School of Natural Resources

From Earth to Sky and Everything In Between

R.M. (Matt) Joeckel


RMJ in southeasternmost Richardson County at the original boundary marker between the Kansas and Nebraska territories, established in 1854.  Pennsylvanian strata in the immediate area include fluvial-estuarine sediments with thin coals, in which early settlers had great (but misplaced) hopes for economic development

RMJ in southeasternmost Richardson County at the original boundary marker between the Kansas and Nebraska territories, established in 1854. Pennsylvanian strata in the immediate area include fluvial-estuarine sediments with thin coals, in which early settlers placed great (but unfounded) hopes for economic development.

I am Matt Joeckel, geologist in the School of Natural Resources (SNR).  I received my Ph.D. from the University of Iowa in 1993 and began working at UN-L in 2000.

The majority of my University appointment is in the Conservation and Survey Division (CSD), Nebraska’s geological, geographic, water and soil survey.  My duties include research, extension, and survey activities, occasional  teaching in SNR, and administrative duties associated with the position of Outreach Coordinator, which I have held since August, 2007. I also have a 30% appointment in the Department of Geosciences, in which I teach geology courses.
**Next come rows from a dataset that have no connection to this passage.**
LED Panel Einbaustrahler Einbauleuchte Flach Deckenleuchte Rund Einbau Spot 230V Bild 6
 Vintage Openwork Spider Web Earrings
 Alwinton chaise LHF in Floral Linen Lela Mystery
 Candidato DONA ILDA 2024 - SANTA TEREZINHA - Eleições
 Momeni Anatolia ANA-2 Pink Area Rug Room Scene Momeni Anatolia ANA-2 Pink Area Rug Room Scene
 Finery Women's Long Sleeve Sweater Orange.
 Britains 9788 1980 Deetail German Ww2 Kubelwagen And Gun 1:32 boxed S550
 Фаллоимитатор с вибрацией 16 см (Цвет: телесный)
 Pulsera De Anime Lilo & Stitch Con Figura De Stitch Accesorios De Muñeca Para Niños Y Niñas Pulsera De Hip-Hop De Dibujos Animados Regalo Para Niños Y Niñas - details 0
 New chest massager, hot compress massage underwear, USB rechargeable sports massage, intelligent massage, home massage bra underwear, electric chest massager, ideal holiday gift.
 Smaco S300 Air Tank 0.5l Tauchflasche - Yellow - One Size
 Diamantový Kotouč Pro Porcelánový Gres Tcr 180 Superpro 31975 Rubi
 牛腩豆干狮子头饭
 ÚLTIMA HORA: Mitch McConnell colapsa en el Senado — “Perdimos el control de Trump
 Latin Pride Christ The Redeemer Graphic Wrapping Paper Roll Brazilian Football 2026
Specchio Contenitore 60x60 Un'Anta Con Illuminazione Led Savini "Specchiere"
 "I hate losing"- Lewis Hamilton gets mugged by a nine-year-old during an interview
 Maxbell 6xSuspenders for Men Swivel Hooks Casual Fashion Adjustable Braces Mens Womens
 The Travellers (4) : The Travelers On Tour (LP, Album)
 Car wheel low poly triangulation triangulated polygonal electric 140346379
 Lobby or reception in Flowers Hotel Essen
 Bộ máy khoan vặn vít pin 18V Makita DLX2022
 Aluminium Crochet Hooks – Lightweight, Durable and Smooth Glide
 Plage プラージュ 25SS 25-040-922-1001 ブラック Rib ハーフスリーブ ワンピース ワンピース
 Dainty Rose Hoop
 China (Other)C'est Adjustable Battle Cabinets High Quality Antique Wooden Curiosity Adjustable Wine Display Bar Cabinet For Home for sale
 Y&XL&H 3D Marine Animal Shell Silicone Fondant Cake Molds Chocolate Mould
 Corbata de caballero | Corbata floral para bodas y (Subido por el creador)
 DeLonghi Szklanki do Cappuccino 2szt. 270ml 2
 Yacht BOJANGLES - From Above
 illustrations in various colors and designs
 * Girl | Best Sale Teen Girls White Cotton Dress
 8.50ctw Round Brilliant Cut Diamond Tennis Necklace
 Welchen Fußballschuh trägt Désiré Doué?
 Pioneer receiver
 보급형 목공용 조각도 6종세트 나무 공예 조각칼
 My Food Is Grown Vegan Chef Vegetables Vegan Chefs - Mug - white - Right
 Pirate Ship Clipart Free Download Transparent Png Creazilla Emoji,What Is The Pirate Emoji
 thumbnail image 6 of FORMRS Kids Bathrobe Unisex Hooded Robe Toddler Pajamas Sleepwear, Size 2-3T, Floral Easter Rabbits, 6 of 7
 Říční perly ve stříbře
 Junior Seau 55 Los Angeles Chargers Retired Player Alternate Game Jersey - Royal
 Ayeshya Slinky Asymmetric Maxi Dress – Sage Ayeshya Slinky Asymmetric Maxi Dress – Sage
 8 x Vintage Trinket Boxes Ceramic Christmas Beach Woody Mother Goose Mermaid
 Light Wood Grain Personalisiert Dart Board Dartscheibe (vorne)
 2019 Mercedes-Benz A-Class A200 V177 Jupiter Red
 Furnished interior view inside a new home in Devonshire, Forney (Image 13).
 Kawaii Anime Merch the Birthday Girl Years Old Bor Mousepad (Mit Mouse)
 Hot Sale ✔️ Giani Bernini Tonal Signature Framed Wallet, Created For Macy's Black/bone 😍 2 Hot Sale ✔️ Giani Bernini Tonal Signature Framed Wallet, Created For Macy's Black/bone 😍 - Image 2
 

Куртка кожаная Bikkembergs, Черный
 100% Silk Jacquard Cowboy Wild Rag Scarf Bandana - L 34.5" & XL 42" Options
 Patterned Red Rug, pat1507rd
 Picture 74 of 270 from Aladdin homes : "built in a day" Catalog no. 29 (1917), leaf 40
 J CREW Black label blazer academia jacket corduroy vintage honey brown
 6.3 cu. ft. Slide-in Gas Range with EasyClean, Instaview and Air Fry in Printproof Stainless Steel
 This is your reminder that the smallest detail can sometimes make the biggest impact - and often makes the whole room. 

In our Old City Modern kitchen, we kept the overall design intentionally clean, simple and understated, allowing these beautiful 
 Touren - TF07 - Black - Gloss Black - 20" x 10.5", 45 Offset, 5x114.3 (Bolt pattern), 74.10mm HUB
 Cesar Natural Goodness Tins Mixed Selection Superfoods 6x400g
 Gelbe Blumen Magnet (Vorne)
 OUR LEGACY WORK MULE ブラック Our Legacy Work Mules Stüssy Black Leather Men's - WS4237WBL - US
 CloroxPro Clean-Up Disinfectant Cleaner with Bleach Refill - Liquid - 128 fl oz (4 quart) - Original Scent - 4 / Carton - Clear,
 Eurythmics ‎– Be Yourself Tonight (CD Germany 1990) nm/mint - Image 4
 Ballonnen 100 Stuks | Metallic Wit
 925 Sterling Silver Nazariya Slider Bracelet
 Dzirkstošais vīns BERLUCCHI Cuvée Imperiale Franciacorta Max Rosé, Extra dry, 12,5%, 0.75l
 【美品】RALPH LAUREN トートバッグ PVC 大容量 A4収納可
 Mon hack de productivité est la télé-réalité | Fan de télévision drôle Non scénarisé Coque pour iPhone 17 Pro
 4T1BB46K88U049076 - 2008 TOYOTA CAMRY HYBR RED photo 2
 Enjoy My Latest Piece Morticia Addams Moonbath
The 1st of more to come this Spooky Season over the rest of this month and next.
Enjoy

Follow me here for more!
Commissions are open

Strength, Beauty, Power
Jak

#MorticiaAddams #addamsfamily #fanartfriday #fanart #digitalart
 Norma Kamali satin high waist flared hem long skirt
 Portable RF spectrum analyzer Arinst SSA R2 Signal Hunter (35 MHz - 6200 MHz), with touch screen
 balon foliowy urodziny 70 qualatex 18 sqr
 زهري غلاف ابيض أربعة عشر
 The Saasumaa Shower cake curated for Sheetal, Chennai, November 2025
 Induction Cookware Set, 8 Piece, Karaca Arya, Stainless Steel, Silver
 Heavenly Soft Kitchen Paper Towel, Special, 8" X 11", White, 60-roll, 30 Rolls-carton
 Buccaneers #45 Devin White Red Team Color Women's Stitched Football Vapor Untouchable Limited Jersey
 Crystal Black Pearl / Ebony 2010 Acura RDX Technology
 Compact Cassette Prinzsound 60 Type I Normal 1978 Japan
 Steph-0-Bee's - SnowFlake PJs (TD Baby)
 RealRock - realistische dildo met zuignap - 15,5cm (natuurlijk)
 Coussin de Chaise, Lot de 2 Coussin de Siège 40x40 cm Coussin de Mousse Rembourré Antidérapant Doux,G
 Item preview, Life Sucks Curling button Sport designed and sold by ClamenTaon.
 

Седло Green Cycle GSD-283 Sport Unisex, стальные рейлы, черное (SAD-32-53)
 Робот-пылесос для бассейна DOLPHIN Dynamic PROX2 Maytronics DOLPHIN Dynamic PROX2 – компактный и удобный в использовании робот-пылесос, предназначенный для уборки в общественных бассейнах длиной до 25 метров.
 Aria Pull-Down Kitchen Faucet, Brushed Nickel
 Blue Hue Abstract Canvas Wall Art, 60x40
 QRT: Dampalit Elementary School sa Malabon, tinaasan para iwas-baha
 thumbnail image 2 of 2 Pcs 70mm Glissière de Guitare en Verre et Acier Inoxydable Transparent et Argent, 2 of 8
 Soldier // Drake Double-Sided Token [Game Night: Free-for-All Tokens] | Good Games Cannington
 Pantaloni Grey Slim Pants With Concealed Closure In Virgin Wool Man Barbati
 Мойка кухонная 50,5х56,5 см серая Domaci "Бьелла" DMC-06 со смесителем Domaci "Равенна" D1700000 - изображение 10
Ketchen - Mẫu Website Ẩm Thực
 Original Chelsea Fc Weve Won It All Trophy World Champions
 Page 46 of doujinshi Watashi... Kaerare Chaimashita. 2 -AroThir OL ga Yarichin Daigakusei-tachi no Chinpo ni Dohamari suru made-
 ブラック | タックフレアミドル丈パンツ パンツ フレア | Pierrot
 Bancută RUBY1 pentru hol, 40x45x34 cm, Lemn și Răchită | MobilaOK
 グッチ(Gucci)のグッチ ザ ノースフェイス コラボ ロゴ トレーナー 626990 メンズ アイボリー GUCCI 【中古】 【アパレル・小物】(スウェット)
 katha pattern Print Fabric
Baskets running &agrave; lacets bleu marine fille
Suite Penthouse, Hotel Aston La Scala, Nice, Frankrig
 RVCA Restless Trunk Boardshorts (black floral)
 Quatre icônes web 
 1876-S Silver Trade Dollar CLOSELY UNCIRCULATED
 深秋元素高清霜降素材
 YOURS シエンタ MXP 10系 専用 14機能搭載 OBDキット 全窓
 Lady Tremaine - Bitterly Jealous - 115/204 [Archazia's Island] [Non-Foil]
My main areas of expertise are sedimentology, the study of sediments and their environments of deposition and stratigraphy, the study of rock and sediment layers; environmental geology (including groundwater); mineral resources; and vertebrate paleontology.  I am also interested in soil formation processes and soil-landscape-parent material relationships.

In mapping and analyzing surficial geology, I promote an understanding of how Nebraska’s current landscape originated, and how people interact with that landscape and the geologic materials underneath it. My stratigraphic research helps determine where mineral (e.g., clay and limestone) and groundwater resources can be found, and also illuminates the origins of those resources.

My main research interests are in regional Paleozoic and Mesozoic stratigraphy, including limestone-bearing strata in eastern Nebraska; the geochemistry, mineralogy, and sequence stratigraphy of the Dakota Formation, a secondary aquifer in north-central and eastern Nebraska; understanding ancient soils and land surfaces from the perspectives of stratigraphy and climate change; surficial and environmental geology; and processes of soil formation on modern landscapes, including the evolution of saline and alkaline wetlands.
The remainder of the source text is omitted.